O dia nasceu nublado e surpreendentemente frio para novembro. Apesar da chuva fina, resolvi tomar coragem, calçar o tênis, vestir a calça de moletom e a jaqueta corta-vento novinha em folha e ir caminhar meus sete quilômetros diários. Por conta do tempo ruim, havia pouquíssima gente na rua e o trânsito estava uma maravilha, o que permitiu chegar à trilha arborizada num instante. Desci do carro e a passos lentos atravessei a avenida central do bairro, para iniciar o trajeto feito todo santo dia para benefício da minha saúde física e mental.

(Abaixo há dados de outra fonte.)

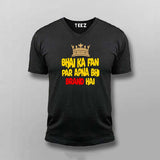 Bhai Ka Fan T-Shirt For Men - Desi Swag & Attitude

Dias assim, escuros e melancólicos, possuem aquela aura de mistério que me fascina desde a infância e, além do mais, hoje comemora-se o dia de Finados no Brasil, quando lembramos de nossos mortos.
Quase displicentemente, eu percorria o longo caminho ladeado por árvores frutíferas, principalmente goiabeiras e jabuticabeiras quase centenárias e o vento soprava mais forte do que o normal, fazendo trepidar as folhagens verdes e as outras infelizmente ressequidas. Adoro caminhar ao sabor aventureiro do vento. Aliás, os filósofos gregos diziam que ele representa o espírito dos deuses e as nuances incontroláveis de seus temperamentos, ora tranquilos e pacíficos, ora tumultuosos e destrutivos.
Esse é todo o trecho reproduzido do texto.